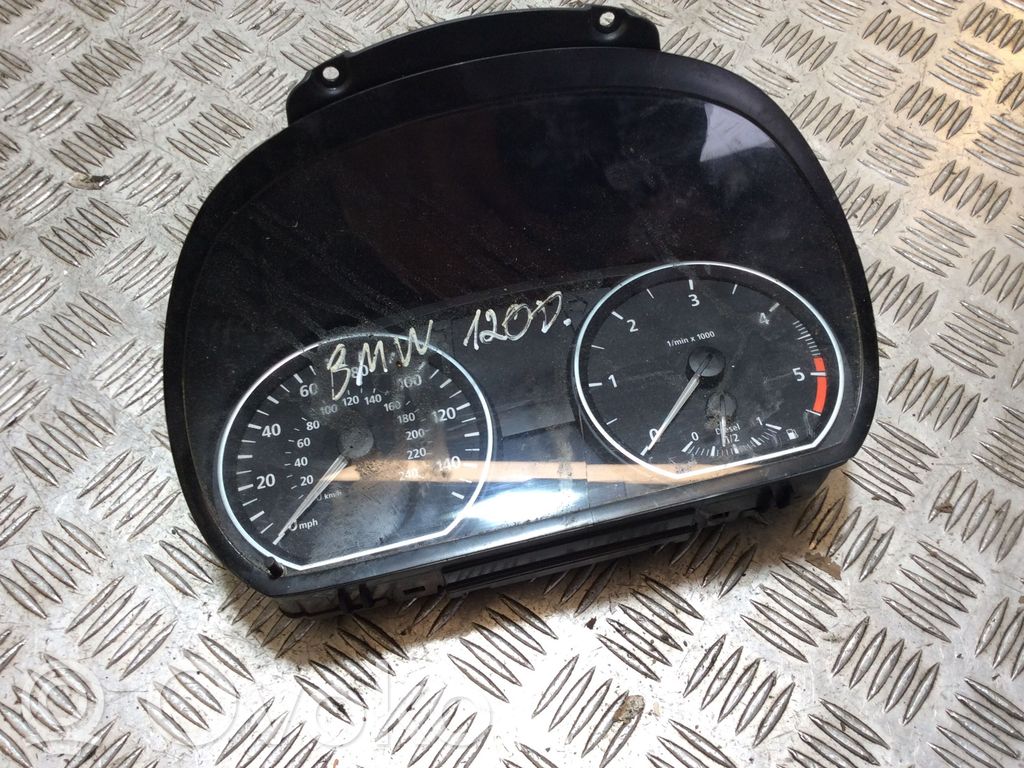BMW 1 E82 E88 Spidometrs (instrumentu panelī) 
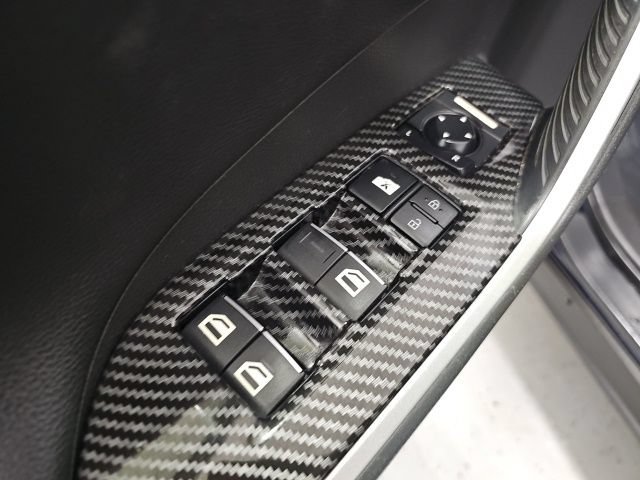 Used 2020 Toyota RAV4 Limited AWD/4WD image 12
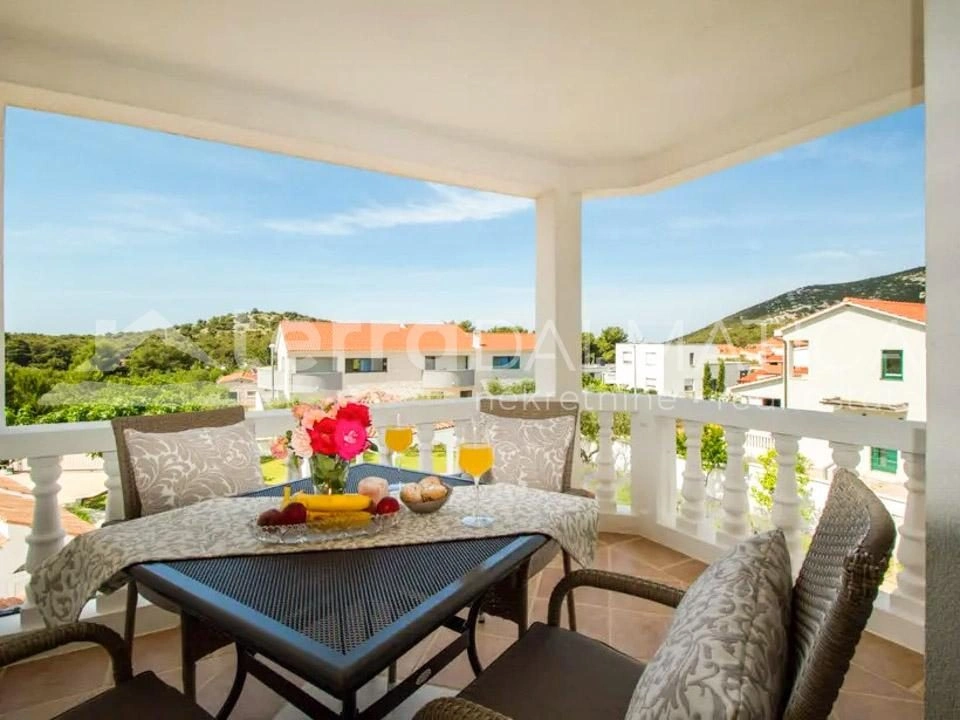 Tribunj, ein geräumiges Haus mit Wohnungen und einem großen Garten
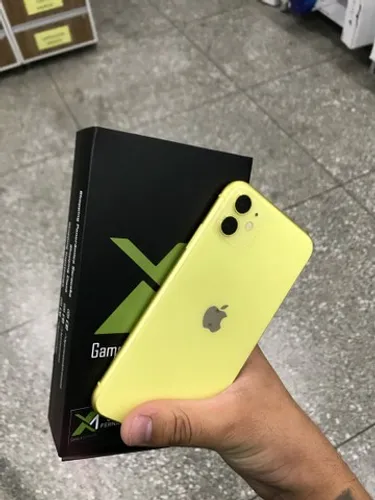 iPhone 11 amarelo na caixa com garantia / impecável 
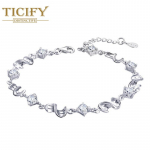 Punase oa amet&uuml;sti k&auml;ev&otilde;rud on moes ja lihtsad valge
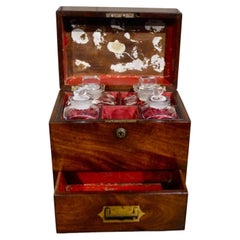 Antica valigetta da viaggio vittoriana in mogano per farmacista, 1850 circa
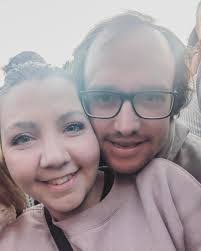 Clare Delaney's Instagram, Twitter & Facebook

◆ ◆ ◆ ◆ ◆ ◆ ◆

▶ _EXERCISE_: Output exactly the lines from the one containing "Used 2020 Toyota" through the last line of the records above, both included, leaving out any pictures.

▶ _RESPONSE TO THE EXERCISE_:
 Used 2020 Toyota RAV4 Limited AWD/4WD image 12
 Tribunj, ein geräumiges Haus mit Wohnungen und einem großen Garten
 iPhone 11 amarelo na caixa com garantia / impecável 
 Punase oa amet&uuml;sti k&auml;ev&otilde;rud on moes ja lihtsad valge
 Antica valigetta da viaggio vittoriana in mogano per farmacista, 1850 circa
 Clare Delaney's Instagram, Twitter & Facebook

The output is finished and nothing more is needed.